The U.S. dollar fell on Friday morning in Asia. The greenback is on track for its first weekly decline since the start of September. The dollar retreated from a one-year high as investors focus on when the country’s central bank will start to hike interest rates.

The U.S. Dollar Index that tracks the U.S. currency against a basket of other currencies dropped 0.2% to 93.938 by 12.54 AM ET.

The index is looking a little shaky. Nonetheless, any slippage should prove modest with the Federal Reserve asset tapering now imminent, according to Westpac strategists. They also noted that any dips in the index should be limited to 93.70.

 

Yen, Yuan, pound, and dollar 

The USD/JPY pair gained 0.27% to 113.97.

The AUD/USD pair added 0.07% to 0.7420. The NZD/USD pair advanced 0.28% to 0.7055.

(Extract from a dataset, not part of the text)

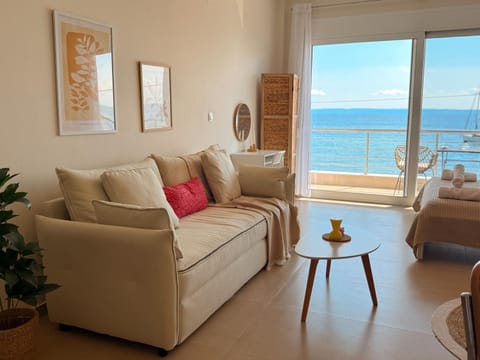 View (from property/room), Balcony/Terrace, Seating area, Sea view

The USD/CNY pair dropped 0.04% to 6.4356 while the GBP/USD pair gained 0.10% to 1.3687.

Commodity prices, bond yields, and risk sentiment influenced the safe-haven dollar. The greenback only maintained the momentum of the past five weeks against the yen, its fellow safe haven. 

The dollar had rallied since early September on expectations the Fed would begin asset tapering earlier than expected. The country’s economy continues to recover from COVID-19 and energy prices continue to climb.

Minutes from the Federal Reserve’s latest meeting that took place on Wednesday is quite interesting. Policymakers said that asset tapering is likely to begin in November 2022, but policymakers remain sharply divided over inflation. Currently, money markets are pricing in about 50/50 odds of a 25-basis point rate hike by July 2022. 

Traders are waiting for retail sales, the University of Michigan consumer sentiment and Michigan consumer expectations indexes. One day earlier, the data showed that the consumer price index rose 0.5% month-on-month in September. Prices increased slightly more than expected as food and energy price rises offset declines in used cars, according to the Labor Department. In September, the consumer price index for all items rose 0.4%. On a year-over-year basis, prices rose 5.4% versus the estimate for 5.3%, the highest since January 1991. 

Nonetheless, excluding volatile food and energy prices, the consumer price index increased 0.2% for the month. It rose 4% year over year. 

Gasoline prices increased another 1.2% for the month, bringing the annual increase to 42.1%. Fuel oil jumped 3.9%, for a 42.6% year over year surge.

Last month, food prices also showed notable gains, with food at home rising 1.2%.